=== EXERCISE DIRECTIONS ===
Go to the line holding "Three red apples business card" in the entries below and write out exactly every line down to and including the line holding "up portrait Businessman".

[Opening EXERCISE INPUT section]

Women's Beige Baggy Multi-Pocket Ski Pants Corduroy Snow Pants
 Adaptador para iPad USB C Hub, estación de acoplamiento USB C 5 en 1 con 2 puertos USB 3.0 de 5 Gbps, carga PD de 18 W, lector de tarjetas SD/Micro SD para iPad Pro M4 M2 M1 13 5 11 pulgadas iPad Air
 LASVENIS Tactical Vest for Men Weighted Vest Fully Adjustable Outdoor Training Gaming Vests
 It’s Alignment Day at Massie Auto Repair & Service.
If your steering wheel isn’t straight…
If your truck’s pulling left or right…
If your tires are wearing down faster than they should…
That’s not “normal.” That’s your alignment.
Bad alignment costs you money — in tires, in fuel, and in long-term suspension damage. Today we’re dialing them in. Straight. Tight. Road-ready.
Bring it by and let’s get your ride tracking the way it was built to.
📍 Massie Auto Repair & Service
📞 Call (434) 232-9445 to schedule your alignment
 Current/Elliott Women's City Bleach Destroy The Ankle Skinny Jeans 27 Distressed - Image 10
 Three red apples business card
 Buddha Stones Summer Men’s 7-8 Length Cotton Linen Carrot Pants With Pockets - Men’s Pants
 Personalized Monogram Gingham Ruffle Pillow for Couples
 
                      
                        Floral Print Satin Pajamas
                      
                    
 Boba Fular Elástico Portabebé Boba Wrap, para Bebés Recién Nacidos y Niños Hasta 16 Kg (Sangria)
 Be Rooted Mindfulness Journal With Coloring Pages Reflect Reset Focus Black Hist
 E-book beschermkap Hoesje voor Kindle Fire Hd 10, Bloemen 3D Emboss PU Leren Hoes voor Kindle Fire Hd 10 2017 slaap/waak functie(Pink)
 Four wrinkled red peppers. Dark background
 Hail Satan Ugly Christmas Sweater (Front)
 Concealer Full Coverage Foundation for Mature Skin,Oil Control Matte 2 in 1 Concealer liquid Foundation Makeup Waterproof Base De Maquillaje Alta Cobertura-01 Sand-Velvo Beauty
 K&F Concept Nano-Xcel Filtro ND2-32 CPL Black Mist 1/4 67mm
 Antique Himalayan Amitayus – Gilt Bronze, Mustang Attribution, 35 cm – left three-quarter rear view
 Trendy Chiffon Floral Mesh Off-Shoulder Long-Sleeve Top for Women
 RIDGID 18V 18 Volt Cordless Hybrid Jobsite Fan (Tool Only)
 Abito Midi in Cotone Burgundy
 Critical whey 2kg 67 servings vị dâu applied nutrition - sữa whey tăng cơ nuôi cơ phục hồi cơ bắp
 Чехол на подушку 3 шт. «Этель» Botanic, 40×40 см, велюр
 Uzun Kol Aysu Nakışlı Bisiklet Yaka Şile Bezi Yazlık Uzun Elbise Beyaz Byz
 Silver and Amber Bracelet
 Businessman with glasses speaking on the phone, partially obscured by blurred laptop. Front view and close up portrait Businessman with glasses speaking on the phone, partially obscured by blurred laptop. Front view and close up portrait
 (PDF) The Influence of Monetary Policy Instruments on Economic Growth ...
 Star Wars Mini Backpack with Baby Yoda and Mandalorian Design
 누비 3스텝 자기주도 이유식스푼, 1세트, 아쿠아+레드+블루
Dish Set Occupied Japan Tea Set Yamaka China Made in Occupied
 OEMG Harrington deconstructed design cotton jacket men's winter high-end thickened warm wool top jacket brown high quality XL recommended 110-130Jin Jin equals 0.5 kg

[Closing EXERCISE INPUT section]

=== SOLUTION TO THE PROBLEM ===
 Three red apples business card
 Buddha Stones Summer Men’s 7-8 Length Cotton Linen Carrot Pants With Pockets - Men’s Pants
 Personalized Monogram Gingham Ruffle Pillow for Couples
 
                      
                        Floral Print Satin Pajamas
                      
                    
 Boba Fular Elástico Portabebé Boba Wrap, para Bebés Recién Nacidos y Niños Hasta 16 Kg (Sangria)
 Be Rooted Mindfulness Journal With Coloring Pages Reflect Reset Focus Black Hist
 E-book beschermkap Hoesje voor Kindle Fire Hd 10, Bloemen 3D Emboss PU Leren Hoes voor Kindle Fire Hd 10 2017 slaap/waak functie(Pink)
 Four wrinkled red peppers. Dark background
 Hail Satan Ugly Christmas Sweater (Front)
 Concealer Full Coverage Foundation for Mature Skin,Oil Control Matte 2 in 1 Concealer liquid Foundation Makeup Waterproof Base De Maquillaje Alta Cobertura-01 Sand-Velvo Beauty
 K&F Concept Nano-Xcel Filtro ND2-32 CPL Black Mist 1/4 67mm
 Antique Himalayan Amitayus – Gilt Bronze, Mustang Attribution, 35 cm – left three-quarter rear view
 Trendy Chiffon Floral Mesh Off-Shoulder Long-Sleeve Top for Women
 RIDGID 18V 18 Volt Cordless Hybrid Jobsite Fan (Tool Only)
 Abito Midi in Cotone Burgundy
 Critical whey 2kg 67 servings vị dâu applied nutrition - sữa whey tăng cơ nuôi cơ phục hồi cơ bắp
 Чехол на подушку 3 шт. «Этель» Botanic, 40×40 см, велюр
 Uzun Kol Aysu Nakışlı Bisiklet Yaka Şile Bezi Yazlık Uzun Elbise Beyaz Byz
 Silver and Amber Bracelet
 Businessman with glasses speaking on the phone, partially obscured by blurred laptop. Front view and close up portrait Businessman with glasses speaking on the phone, partially obscured by blurred laptop. Front view and close up portrait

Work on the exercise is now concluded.